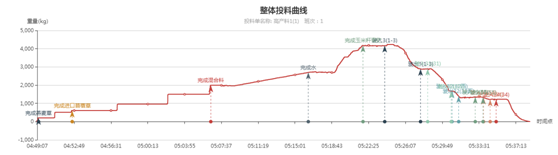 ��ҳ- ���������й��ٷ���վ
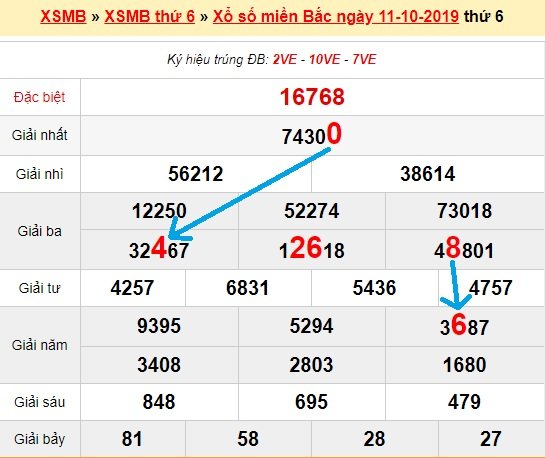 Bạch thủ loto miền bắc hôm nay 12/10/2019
...
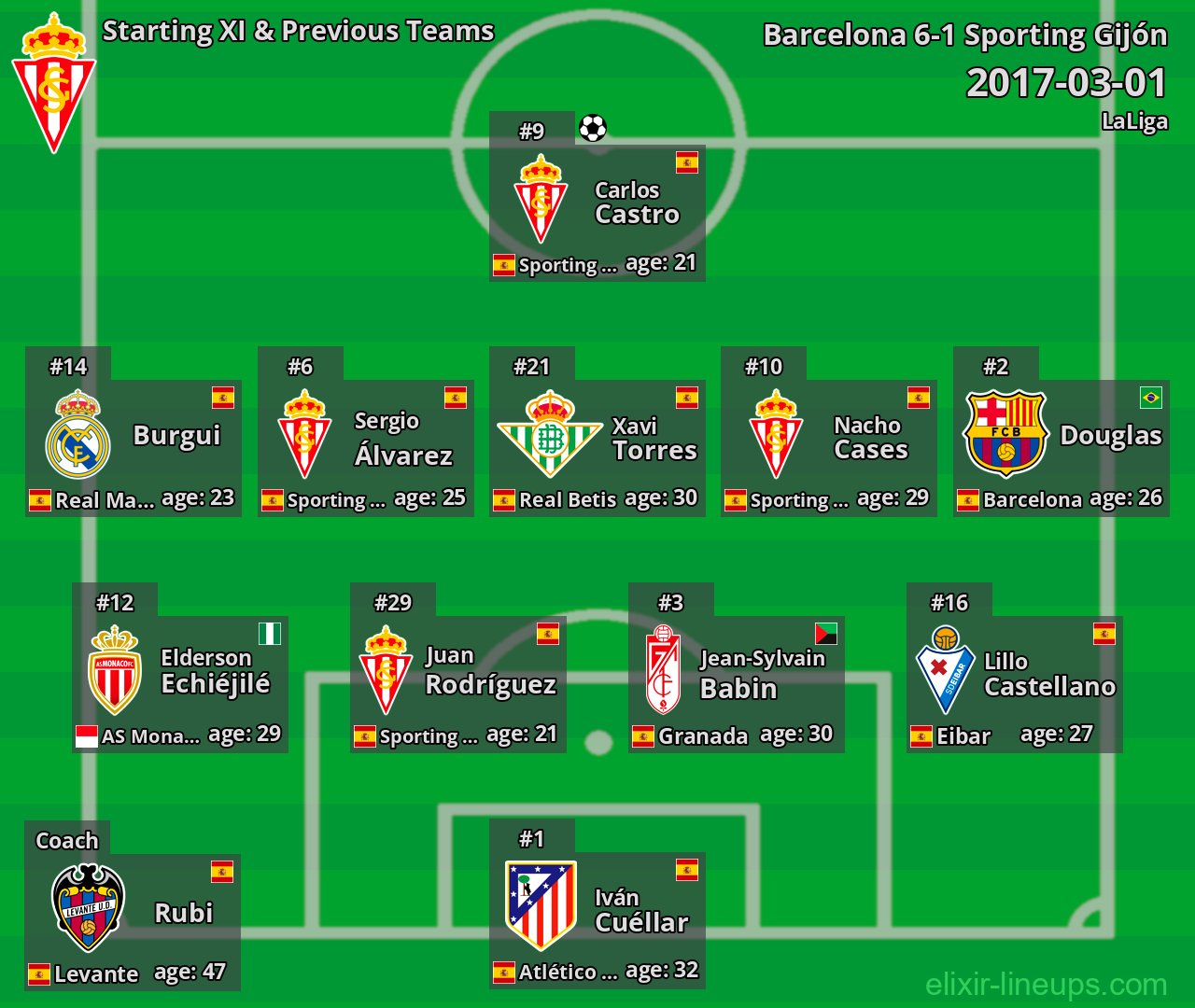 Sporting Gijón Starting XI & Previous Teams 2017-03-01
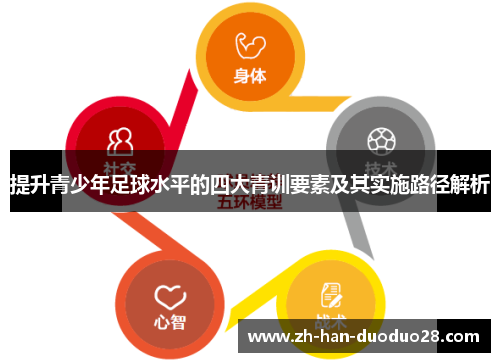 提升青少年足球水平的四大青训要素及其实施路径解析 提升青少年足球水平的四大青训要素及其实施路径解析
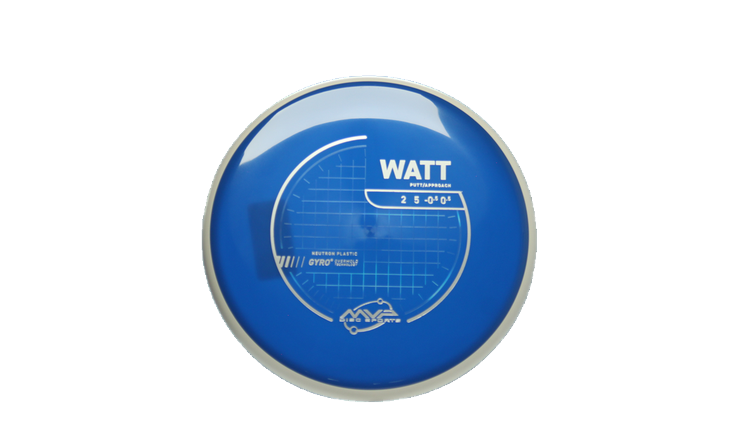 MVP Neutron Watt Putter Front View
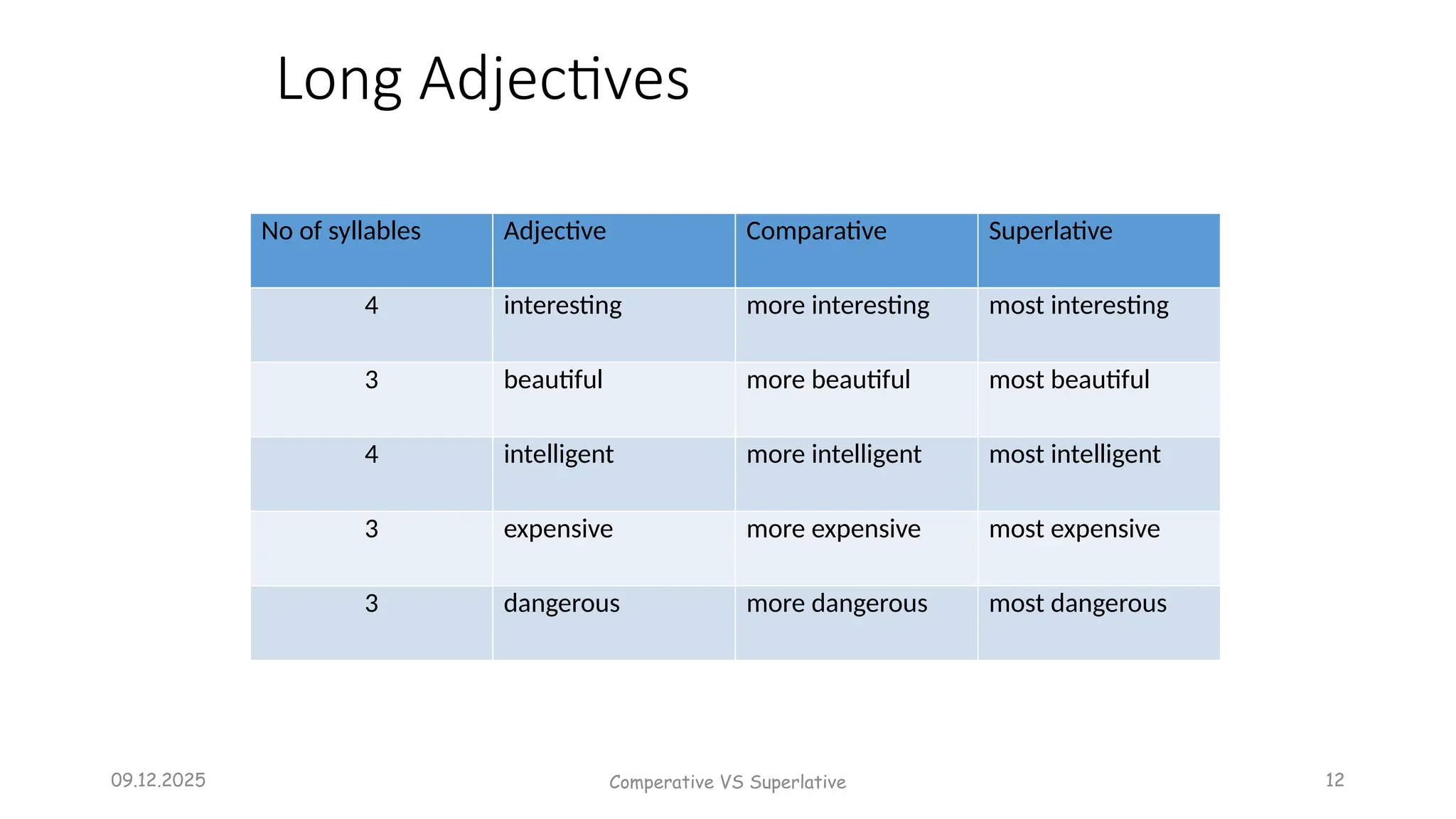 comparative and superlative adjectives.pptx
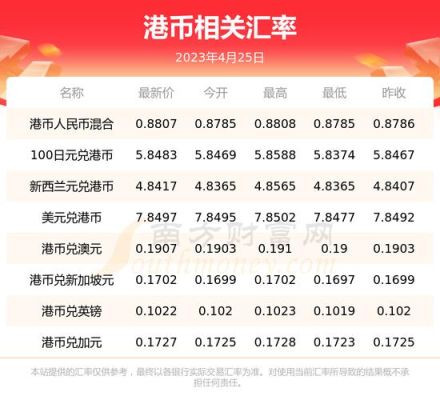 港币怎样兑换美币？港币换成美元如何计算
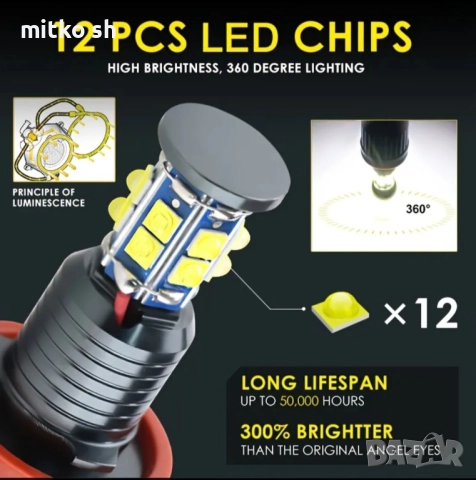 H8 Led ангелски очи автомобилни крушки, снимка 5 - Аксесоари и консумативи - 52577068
...
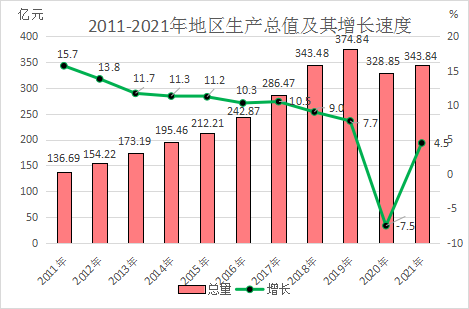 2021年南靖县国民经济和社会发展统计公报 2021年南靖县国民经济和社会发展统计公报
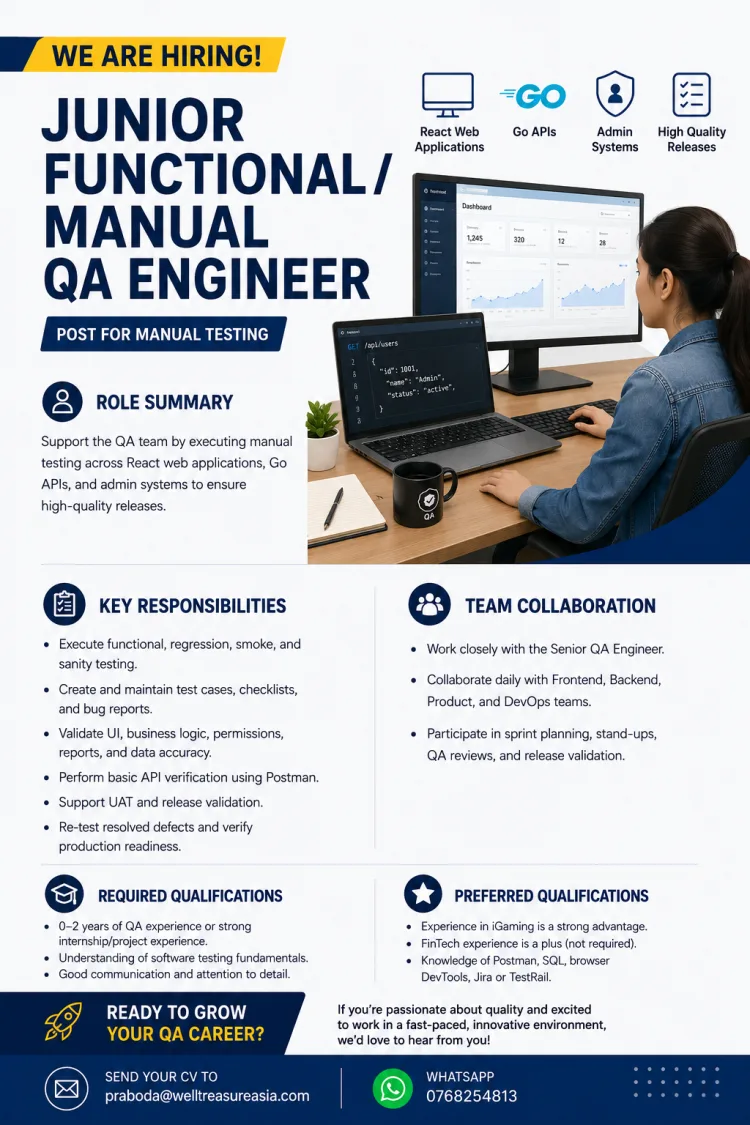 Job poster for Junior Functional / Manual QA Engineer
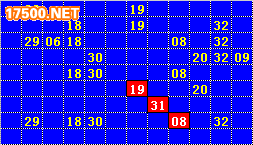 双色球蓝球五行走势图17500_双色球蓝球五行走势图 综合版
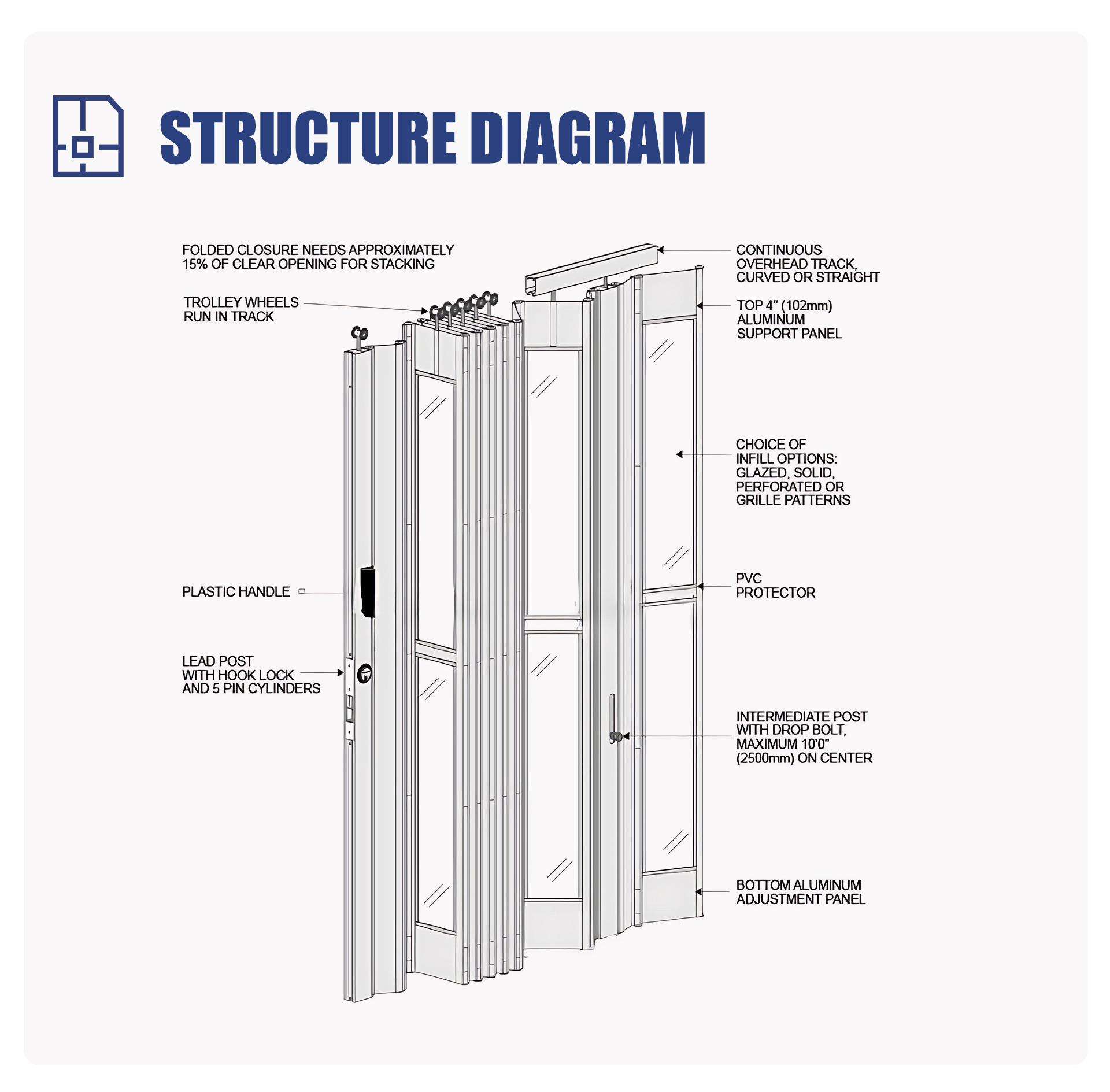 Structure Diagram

**WHAT NEEDS TO BE DONE**
Give again, exactly as written above, every line from the one holding "2021年南靖县国民经济和社会发展统计公报 2021年南" to the one holding "Structure Diagram", with both ends kept and the pictures left out.

**ANSWER SECTION**
 2021年南靖县国民经济和社会发展统计公报 2021年南靖县国民经济和社会发展统计公报
 Job poster for Junior Functional / Manual QA Engineer
 双色球蓝球五行走势图17500_双色球蓝球五行走势图 综合版
 Structure Diagram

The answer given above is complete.